I want to make sure that as we follow our own directions for research that we do not lose sight of history and key concepts in postcolonial feminisms. The following link takes you to a good site that outlines many of the key concepts and people of interest to this area of study.

The Imperial Archive

2 comments:

The Assistance said...

"One reason for such metaphorization of the term postcolonial, like that of the term colonize, lies in its convenience as a way of assigning values and establishing the moral superiority of both the critic and the critic's topic."

George P Landow in "The Postcolonial Woman as a Terminological Problem"
(www.postcolonialweb.orgpoldiscourse/pocowom1.html)

It is all too convenient for me to sit around abstracting and re-abstracting these terms while I have little to no knowledge of postcolonial studies from the texts.

Perhaps this is why it feels increasingly inappropriate to theorize my own experiences through "postcoloniality", to speak of the "postcolonial moment" across multiple locales and identity practices, to merge vastly different histories of colonialism across the time-space continuum for the sake of relevance or solidarity.

This goes back to "naming the oppressor" or "who does the lie protect?". The abstraction or metaphoric use of "patriarchy" or "the West" or "the Occident" or the "Male Gaze" becomes part of this aura of superiority--the ability to be "in the know" about the nature and history of the oppression solely by the ability to give it a name.

jess said...

"This critical approach would suggest that gender is often overridden by racial status and consequently becomes largely inconsequential, thus reflecting one of the central debates presently raging in feminist and post-colonial studies."
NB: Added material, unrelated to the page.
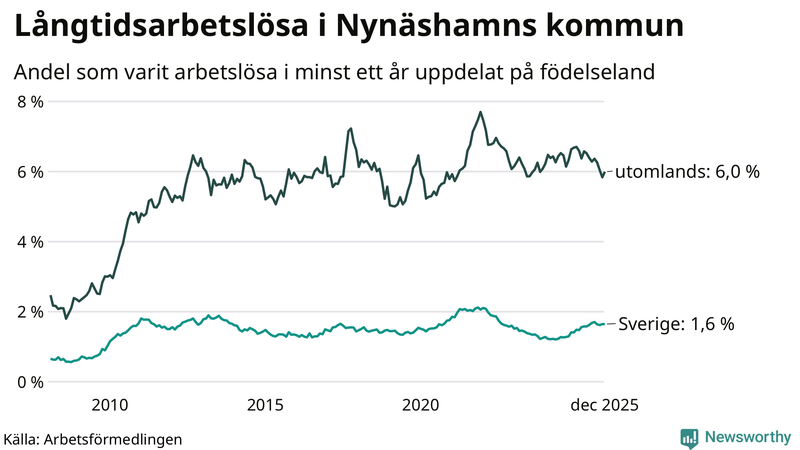 Graf: Andel arbetslösa uppdelat på födelseland i Nynäshamn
From my limited understanding of both the post-colonial and feminist cannon, i feel as though this statement, taken from the linked article, does a great disservice to both ways of thinking. Throughout the first half of the article, the author speaks on the simmilariies of these two disciplines, mostly through the relationship with phollocentrism and heirarchy. However, by the end the author ranks the gender and race, and thereby utilizing heirarchical methods and reducing the "post-colonial" purely to issues of race.

I also take issue with the use of Cloud 9, in that the author's argument is far too simple. The charachters are either male or female, colonized or colonizer, or one that is pretending to be the other in a comical and farciccal manner. If there is anything that I've gleaned from my time in this class, is that all issues tend to be far more complicated than "this" vs. "that". I take further issue to the fact that the place between these two oppososite parties can serve only as comic relief, and can therefore never be taken seriously. Gender goes beyond male and female, Power more complex that Matriarch and Patriarch, and Colonization far more complicated than merely physical violence. I in no way intend to minimize the victims of violence, however I think it irresponsible to examine these issues in relationship to a "vs," for the ultimate goal of the colonizer is to create a sytem which supports itself-- implying the necessity, complicity, and participation of the colonized.

I do believe that the author successfully illustrates that the categories that have been historically used to repress and violate are constructions rooted purely in fiction. However, I would like to see the author challenge these constructions rather than reifying them by placing them ino her own heirarchical systems of classification and importance.